Top of DATA RECORDS

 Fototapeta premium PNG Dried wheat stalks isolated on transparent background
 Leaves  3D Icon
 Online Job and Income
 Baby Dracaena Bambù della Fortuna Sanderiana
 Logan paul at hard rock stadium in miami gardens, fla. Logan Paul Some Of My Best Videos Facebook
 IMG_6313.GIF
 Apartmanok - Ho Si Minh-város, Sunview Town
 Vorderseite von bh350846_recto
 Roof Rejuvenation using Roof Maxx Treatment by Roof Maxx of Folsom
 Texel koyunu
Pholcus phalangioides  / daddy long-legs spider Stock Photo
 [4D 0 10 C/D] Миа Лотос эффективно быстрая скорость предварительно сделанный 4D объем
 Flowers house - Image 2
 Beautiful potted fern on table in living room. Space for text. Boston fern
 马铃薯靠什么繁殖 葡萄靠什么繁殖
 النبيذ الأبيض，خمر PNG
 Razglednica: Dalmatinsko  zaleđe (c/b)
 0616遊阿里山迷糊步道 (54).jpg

Bottom of DATA RECORDS

* PROBLEM REQUIREMENTS
Send back exactly the lines from the line with "Apartmanok - Ho Si Minh-város, Sunview Town" through the end of the records.

* COMPLETED EXERCISE
 Apartmanok - Ho Si Minh-város, Sunview Town
 Vorderseite von bh350846_recto
 Roof Rejuvenation using Roof Maxx Treatment by Roof Maxx of Folsom
 Texel koyunu
Pholcus phalangioides  / daddy long-legs spider Stock Photo
 [4D 0 10 C/D] Миа Лотос эффективно быстрая скорость предварительно сделанный 4D объем
 Flowers house - Image 2
 Beautiful potted fern on table in living room. Space for text. Boston fern
 马铃薯靠什么繁殖 葡萄靠什么繁殖
 النبيذ الأبيض，خمر PNG
 Razglednica: Dalmatinsko  zaleđe (c/b)
 0616遊阿里山迷糊步道 (54).jpg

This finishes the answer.